• [What you need to do]
Beneath this line are the data; copy exactly the part of them that opens with the line containing "Plumage Standard Tabi Knee-High Socks" and closes with the line containing "OPUS Stricktop in Beere", and only that part.

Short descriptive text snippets
__________________________________________________

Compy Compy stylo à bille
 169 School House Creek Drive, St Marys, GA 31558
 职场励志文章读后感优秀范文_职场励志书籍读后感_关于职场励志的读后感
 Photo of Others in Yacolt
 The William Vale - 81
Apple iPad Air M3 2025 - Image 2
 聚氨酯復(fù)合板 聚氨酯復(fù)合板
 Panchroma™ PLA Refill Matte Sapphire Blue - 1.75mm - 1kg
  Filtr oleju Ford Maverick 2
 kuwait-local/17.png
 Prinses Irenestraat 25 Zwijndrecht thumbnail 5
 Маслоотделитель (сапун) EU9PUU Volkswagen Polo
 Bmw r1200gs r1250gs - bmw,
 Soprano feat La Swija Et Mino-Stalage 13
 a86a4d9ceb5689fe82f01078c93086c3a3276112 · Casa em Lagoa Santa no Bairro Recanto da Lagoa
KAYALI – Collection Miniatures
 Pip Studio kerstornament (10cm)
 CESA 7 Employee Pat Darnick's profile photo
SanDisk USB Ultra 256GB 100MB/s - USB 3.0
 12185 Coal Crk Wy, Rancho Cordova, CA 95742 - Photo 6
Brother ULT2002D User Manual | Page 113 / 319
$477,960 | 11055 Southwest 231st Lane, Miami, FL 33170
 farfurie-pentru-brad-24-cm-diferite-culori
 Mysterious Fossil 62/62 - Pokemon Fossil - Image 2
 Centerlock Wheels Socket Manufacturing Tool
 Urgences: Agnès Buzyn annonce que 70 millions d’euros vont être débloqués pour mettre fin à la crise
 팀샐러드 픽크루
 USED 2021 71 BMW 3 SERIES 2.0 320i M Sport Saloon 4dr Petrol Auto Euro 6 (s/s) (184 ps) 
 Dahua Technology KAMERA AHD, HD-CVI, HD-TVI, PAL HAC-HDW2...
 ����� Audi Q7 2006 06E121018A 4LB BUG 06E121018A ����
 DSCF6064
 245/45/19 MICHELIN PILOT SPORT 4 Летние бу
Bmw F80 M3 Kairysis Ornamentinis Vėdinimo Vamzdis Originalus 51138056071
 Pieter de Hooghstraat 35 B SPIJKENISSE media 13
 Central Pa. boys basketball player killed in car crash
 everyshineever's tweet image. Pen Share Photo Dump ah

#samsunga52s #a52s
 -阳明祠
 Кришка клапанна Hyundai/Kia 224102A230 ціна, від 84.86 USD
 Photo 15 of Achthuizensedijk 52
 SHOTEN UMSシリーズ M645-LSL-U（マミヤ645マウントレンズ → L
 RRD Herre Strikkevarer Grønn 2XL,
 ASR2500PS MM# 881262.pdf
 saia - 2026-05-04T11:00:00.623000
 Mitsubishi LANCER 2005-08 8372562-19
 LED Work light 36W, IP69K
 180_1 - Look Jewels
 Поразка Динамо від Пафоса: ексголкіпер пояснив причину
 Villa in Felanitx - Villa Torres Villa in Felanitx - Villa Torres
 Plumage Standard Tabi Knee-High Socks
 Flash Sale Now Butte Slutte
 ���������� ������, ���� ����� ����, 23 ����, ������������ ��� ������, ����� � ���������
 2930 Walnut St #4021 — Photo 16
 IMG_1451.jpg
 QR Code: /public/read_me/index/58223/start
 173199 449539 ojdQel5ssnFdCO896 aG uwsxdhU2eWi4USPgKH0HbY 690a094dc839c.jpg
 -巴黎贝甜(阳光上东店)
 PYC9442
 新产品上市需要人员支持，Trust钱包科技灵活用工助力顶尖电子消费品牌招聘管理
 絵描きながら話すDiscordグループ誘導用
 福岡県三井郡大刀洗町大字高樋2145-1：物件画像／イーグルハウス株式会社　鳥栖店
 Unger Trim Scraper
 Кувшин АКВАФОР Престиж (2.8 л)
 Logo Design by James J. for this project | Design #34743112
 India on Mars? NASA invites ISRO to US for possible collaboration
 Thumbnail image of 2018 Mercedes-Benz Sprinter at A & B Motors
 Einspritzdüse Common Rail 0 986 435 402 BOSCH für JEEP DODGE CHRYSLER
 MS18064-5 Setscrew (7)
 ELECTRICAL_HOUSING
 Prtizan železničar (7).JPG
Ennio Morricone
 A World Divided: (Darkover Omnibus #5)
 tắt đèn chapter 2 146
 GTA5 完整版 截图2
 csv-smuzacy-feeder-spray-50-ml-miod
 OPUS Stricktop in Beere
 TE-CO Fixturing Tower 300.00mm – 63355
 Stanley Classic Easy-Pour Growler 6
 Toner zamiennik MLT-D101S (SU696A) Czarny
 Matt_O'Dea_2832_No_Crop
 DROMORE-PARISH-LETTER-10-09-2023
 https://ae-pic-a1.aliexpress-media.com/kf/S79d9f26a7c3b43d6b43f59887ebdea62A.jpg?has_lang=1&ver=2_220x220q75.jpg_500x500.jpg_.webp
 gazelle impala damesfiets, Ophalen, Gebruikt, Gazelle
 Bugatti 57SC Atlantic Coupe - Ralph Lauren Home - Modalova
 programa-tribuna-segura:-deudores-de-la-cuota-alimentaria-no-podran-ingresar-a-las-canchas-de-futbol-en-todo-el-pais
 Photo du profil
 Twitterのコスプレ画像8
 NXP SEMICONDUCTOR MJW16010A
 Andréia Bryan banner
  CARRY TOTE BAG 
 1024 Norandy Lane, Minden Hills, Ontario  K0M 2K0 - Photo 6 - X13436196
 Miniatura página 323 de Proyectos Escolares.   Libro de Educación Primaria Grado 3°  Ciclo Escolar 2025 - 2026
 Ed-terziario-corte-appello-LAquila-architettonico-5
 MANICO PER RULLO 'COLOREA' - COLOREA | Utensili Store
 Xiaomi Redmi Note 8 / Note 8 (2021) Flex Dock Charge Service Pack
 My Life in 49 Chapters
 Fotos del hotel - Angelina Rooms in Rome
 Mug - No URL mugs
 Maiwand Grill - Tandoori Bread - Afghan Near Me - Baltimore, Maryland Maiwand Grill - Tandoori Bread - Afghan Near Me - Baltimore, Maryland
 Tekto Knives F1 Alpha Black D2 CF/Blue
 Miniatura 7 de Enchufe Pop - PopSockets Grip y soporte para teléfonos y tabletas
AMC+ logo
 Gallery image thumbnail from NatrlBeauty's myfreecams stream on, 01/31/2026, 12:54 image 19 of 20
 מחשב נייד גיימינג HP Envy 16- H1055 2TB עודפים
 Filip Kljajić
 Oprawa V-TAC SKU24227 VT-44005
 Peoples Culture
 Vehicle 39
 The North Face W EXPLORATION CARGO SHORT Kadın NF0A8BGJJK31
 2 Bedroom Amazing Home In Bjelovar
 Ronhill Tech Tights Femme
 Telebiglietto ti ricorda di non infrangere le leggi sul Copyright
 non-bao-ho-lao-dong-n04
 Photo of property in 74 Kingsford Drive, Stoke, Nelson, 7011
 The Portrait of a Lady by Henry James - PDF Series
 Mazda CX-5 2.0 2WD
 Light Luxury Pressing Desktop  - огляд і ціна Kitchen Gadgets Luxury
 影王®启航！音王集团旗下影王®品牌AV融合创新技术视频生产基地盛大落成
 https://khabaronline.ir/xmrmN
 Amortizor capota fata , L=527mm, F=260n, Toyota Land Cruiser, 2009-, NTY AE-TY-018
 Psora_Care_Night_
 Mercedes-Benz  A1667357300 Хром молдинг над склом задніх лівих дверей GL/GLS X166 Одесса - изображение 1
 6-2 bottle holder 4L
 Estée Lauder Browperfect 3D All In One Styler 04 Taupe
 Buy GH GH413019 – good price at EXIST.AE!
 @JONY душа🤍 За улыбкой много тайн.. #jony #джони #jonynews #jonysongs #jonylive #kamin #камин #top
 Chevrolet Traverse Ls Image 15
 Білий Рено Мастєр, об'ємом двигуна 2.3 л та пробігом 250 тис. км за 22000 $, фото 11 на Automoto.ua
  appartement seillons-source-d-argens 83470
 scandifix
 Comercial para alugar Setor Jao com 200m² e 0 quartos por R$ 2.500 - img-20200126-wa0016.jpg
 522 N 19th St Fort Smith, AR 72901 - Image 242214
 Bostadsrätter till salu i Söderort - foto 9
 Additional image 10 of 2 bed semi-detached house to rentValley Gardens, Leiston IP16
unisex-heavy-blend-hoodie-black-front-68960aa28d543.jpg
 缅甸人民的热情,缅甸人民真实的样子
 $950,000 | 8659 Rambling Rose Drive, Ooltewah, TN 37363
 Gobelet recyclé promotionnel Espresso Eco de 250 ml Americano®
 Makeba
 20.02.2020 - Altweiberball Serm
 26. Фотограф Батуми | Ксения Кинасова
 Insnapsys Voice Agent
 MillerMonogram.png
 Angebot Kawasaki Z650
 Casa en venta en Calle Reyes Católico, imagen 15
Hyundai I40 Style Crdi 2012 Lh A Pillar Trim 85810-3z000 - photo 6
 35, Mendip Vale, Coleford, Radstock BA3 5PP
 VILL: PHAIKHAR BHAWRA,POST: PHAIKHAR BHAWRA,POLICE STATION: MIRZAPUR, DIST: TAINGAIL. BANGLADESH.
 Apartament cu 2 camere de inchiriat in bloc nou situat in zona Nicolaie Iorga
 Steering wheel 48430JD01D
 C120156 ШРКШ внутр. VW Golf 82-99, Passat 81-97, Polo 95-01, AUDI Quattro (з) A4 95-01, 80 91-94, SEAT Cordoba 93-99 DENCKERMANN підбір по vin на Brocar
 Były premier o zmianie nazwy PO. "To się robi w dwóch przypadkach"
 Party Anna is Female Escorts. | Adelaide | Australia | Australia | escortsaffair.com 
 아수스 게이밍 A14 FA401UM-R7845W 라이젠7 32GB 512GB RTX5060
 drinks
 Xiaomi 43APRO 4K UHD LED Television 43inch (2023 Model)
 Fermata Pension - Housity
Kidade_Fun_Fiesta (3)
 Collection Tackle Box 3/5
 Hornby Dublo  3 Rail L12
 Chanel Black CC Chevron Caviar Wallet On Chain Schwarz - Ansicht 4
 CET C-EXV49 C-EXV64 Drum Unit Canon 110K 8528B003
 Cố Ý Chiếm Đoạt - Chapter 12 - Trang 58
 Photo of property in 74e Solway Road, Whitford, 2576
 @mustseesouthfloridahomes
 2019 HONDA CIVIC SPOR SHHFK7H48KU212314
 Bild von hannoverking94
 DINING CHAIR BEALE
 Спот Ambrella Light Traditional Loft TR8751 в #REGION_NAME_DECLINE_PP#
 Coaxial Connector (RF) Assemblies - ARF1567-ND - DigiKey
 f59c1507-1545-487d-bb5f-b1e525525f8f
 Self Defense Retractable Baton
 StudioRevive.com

__________________________________________________

• [Written response]
 Plumage Standard Tabi Knee-High Socks
 Flash Sale Now Butte Slutte
 ���������� ������, ���� ����� ����, 23 ����, ������������ ��� ������, ����� � ���������
 2930 Walnut St #4021 — Photo 16
 IMG_1451.jpg
 QR Code: /public/read_me/index/58223/start
 173199 449539 ojdQel5ssnFdCO896 aG uwsxdhU2eWi4USPgKH0HbY 690a094dc839c.jpg
 -巴黎贝甜(阳光上东店)
 PYC9442
 新产品上市需要人员支持，Trust钱包科技灵活用工助力顶尖电子消费品牌招聘管理
 絵描きながら話すDiscordグループ誘導用
 福岡県三井郡大刀洗町大字高樋2145-1：物件画像／イーグルハウス株式会社　鳥栖店
 Unger Trim Scraper
 Кувшин АКВАФОР Престиж (2.8 л)
 Logo Design by James J. for this project | Design #34743112
 India on Mars? NASA invites ISRO to US for possible collaboration
 Thumbnail image of 2018 Mercedes-Benz Sprinter at A & B Motors
 Einspritzdüse Common Rail 0 986 435 402 BOSCH für JEEP DODGE CHRYSLER
 MS18064-5 Setscrew (7)
 ELECTRICAL_HOUSING
 Prtizan železničar (7).JPG
Ennio Morricone
 A World Divided: (Darkover Omnibus #5)
 tắt đèn chapter 2 146
 GTA5 完整版 截图2
 csv-smuzacy-feeder-spray-50-ml-miod
 OPUS Stricktop in Beere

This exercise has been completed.